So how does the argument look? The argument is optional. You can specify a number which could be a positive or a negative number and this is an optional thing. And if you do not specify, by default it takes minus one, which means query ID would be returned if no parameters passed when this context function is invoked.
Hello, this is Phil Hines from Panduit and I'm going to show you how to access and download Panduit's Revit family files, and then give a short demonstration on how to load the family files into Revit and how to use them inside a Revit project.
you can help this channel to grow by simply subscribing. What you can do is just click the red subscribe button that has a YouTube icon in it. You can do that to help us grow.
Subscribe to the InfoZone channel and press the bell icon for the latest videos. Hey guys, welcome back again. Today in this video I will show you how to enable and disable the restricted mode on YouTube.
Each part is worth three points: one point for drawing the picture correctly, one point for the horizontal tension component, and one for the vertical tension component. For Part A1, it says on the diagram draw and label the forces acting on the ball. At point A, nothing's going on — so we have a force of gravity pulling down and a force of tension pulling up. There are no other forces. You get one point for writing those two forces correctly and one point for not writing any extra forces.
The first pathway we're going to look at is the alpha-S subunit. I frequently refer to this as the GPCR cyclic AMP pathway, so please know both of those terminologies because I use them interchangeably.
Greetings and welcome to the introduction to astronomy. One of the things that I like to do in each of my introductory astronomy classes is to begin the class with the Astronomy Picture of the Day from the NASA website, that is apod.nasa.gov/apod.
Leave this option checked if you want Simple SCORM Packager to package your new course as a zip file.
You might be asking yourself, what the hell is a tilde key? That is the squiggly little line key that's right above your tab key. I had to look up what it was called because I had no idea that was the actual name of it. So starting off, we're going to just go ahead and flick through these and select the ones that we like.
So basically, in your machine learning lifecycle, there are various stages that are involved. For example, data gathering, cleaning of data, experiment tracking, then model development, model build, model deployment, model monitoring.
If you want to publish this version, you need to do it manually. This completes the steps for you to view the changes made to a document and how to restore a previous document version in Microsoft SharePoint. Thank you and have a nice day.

**Problem statement:** The output should be exactly the lines above from the line containing "The first pathway" to the line containing "Greetings and welcome", inclusive, with no other lines.

**Solution to this exercise:**
The first pathway we're going to look at is the alpha-S subunit. I frequently refer to this as the GPCR cyclic AMP pathway, so please know both of those terminologies because I use them interchangeably.
Greetings and welcome to the introduction to astronomy. One of the things that I like to do in each of my introductory astronomy classes is to begin the class with the Astronomy Picture of the Day from the NASA website, that is apod.nasa.gov/apod.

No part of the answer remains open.